[comp.lang.forth] Mating Forth to C

Paktor@cup.portal.com (10/01/88)

In article  <1015.3.200.15   Re: Jack Woehr's amazing productivity!>
            <8/31/88 06:34   koopman@a.gp.cs.cmu.edu (Philip Koopman)> writes:

>   I don't think a preprocessor is the correct answer.  Forth works better
>   by building and using tool sets that form extensions to the language.
>   An idea I like better is mating an interactive C compiler into the
>   Forth environment.  Use C for those parts of the application that it
>   is appropriate for, and Forth when it is appropriate.
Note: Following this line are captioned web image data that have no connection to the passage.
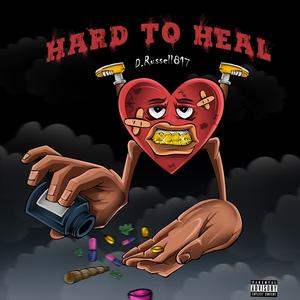 Pain (Explicit)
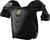 YOUTH BANTAM ROOST DEFLECTOR YOUTH SM/MD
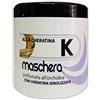 Koeay Susan Darnell Maschera alla Cheratina 1000 ml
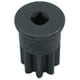 thumbnail image 4 of Wosthever Negro negro 3200 3406 herramientas de reparación de automóviles funda de llave de tubo forma única producto fácil de llevar Ciclismo, 4 of 6
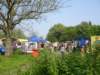 2009Koninginnedag131_small.jpg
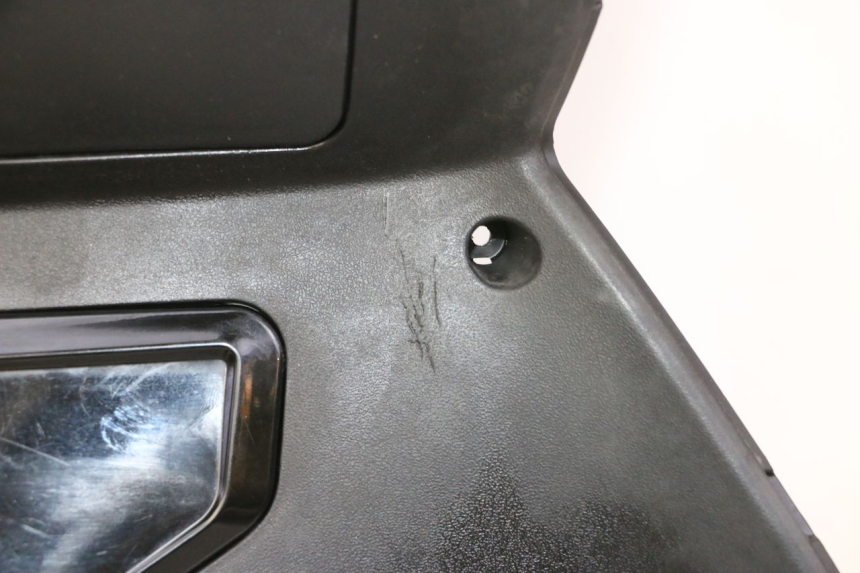 photo de INNER LEGSHIELD QUADRO 4 4D 350 (2015 - 2018)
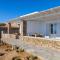Astarte Luxury Apartments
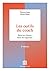 Les outils du coach - 3e éd...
About five years ago, in '83, I think, I came across a product called
    Hyper-Forth, implemented on the Sage (does anyone remember the Sage?
    It was _the_ "hot" 68000-based micro-system at the time...), and the
    ubiquitious, iniquitous, ever-bluiferous (oh, all right:  flame off)
    IBM-PC.

I met the implementer at a Forth convention, here in Silicon Valley.  All I
    remember about him is that his first name was (and presumably still is)
    David, and that he operated out of Albuquerque, New Mexico.

What I remember about the system included the following:
  (1)  It interfaced C with Forth interchangeably:  that is to say, one
    could access functions written in C from the Forth outer interpreter,
    and, conversely, one could incorporate Forth words into C functions.
    Parameters were mapped between the two languages in a fairly straight-
    forward way, the order on the Forth stack corresponding to the order in
    the C parentheses.
  (2)  Its Forth could handle structures in its outer interpreter that
    "normally" needed to be placed inside definitions.  For instance, one
    could write:
                 BEGIN foo IF lum lom DO bar LOOP ELSE yuk THEN poo UNTIL 
    and have it execute properly, instead of the more usual:
        : glom   BEGIN foo IF lum lom DO bar LOOP ELSE yuk THEN poo UNTIL ;
	glom
	FORGET glom
  (3)  It had a viable text-file interface, i.e., it could write text files,
    and its Forth input was from free-form text files, rather than block-
    structured files.

I liked the idea at the time, and I like it even better now; unfortunately,
    I completely lost track of the chap and his product.  Furthermore, Sage
    seems to have vanished off the horizon, and is no help in locating him.

If anyone knows where he is, (or better still, Dave, if you are reading this),
    I would appreciate a response by E-Mail.  Maybe this good idea can be
    resurrected or re-incarnated, or otherwise brought back to life...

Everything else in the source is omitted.